Algorithm | Big O Order | Recursive? | Other
--- | --- | --- | ---
Timsort | O(n log n) | Not recursive | Python `sort()`.  Uses natural runs and insertion sort.  
Quicksort | O(n log n) | Recursive | Uses D & C and divides at random pivot
Merge sort | O(n log n) | Recursive | Uses D & C and divides evenly
Insertion sort | O(n^2) | Not recursive | Simple.  Used in Timsort.
Selection sort | O(n^2) | Not recursive | Simple and slow
Bubble sort | O(n^2) | Not recursive | Simple and slow

---

## Breadth-First Search
- **Graph**--network.  Different than a Cartesian plane with axes.
- **Node (vertex)**--each thing in the graph
- **Edge (link)**--connection between nodes in network

![](images/nodes_edges.png)

- Graphs represent connected things like:
    - Locations (nodes) connected by roads (edges) on map
    - People (nodes) connected by relationships (edges) in social network
    - Webpages (nodes) connected by hyperlinks (edges) on WWW
- **Neighbor**--when a node is 1 edge away from another node
- **Directed graph**--graph where all edges have directionality to them.  Each edge is like a one way street.  Indicated by arrows.
- **Undirected graph**-graph where edges do not have directionality.  Each edge is like a two way street.  No arrows. 
- The image below displays the difference between **directed** and **undirected** graphs:

![](images/undirected_graph.png)

- **Queue**--data structure where items (like nodes) are removed using first in, first out (FIFO) strategy. Like queue at theme park.  Used in breadth-first searches. 
    - **Enqueue**--item is added onto queue. Also called push.
    - **Dequeue**--item is removed from queue.  Also called pop.
- **Stack**---data structure where items (like nodes) are removed using last in, first out (LIFO) strategy.  Used in call stack.
- **Depth-first search (DFS)**--graph searching algorithm that searches as far out as possible along connected nodes before backtracking.  Uses recursive function and call stack.
- **Breadth-First Search (BFS)**--graph searching algorithm that searches all the closest nodes before moving on to farther nodes.  Uses queues.

![](images/bfs_dfs.png)

- Both BFS and DFS can answer the following questions:
    1. Is there a path from one node to another node?
    1. If there is a path, what is the shortest path (least number of edges)?
- Both BFS and DFS have a run time of O(V + E) where V is the number of vertices (nodes) and E is the number of edges
- *Note that BFS and DFS only work for finding the quickest path between 2 nodes.  If there are more than two nodes it becomes the traveling sales person problem and is factorial time.*
- BFS and DFS have different strengths:
    - BFS is more efficient when the node we are searching for is closer to the starting node
    - DFS is more efficient when the node we are searching for is farther away from the starting node

---

**EXAMPLES**

- We'll show an example that uses BFS to answer the question, "Is there a path between nodes?".
- The image below shows a graph of people in a social network.  This graph has arrows that indicate the direction of relationships.
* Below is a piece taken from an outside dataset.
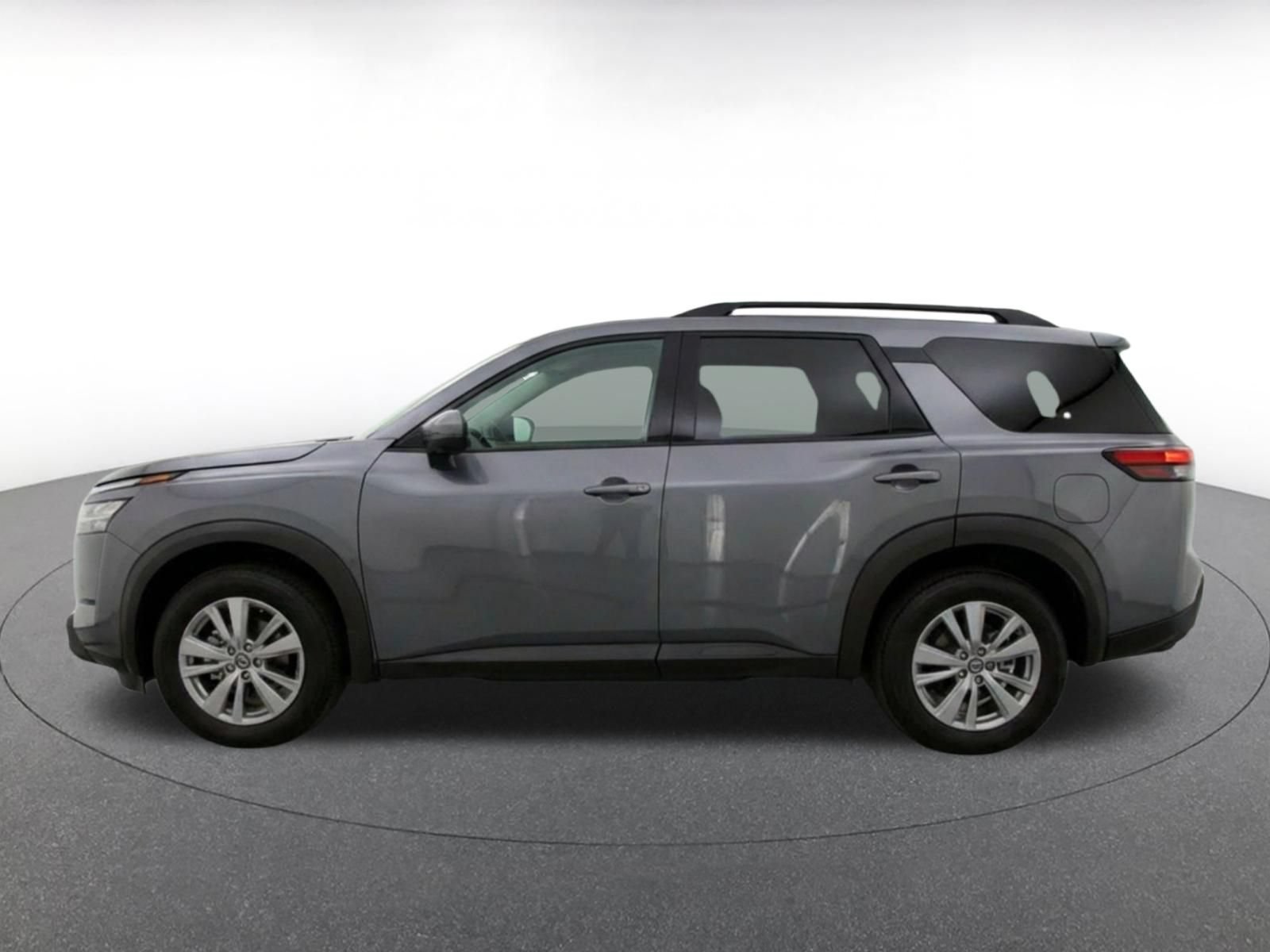Used 2025 Nissan Pathfinder SV AWD/4WD image 8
![](images/graph_example.png)

- We first have to represent the graph as a Python dictionary.  Each dictionary key is a node.  Each dictionary value is an array of neighbors to that node. 
- There will be some arrays that are empty.  This is because the graph we are using is directional.  Only nodes that point to other nodes will have values.

In [15]:
graph = {}
graph["you"] = ["alice", "bob", "claire"]
graph["bob"] = ["anuj", "peggy"]
graph["alice"] = ["peggy"]
graph["claire"] = ["thom", "jonny"]
graph["anuj"] = []
graph["peggy"] = []
graph["thom"] = []
graph["jonny"] = []

- We'll then define a breadth-first search function where we:
    1. Add all starting node neighbors to search queue
    1. Pop a node from the search queue in FIFO order and check whether this is the end node.  Only check nodes that have not been checked before, otherwise may create an infinite loop.  
        1. If popped node is end node, then we are finished
        1. If popped node is not end node, then add neighboring nodes to queue
    1. Repeat step 2 as long as there are nodes in queue

- The image below diagrams this BFS example.  The starting node is us and the end node is a person that sells mangos.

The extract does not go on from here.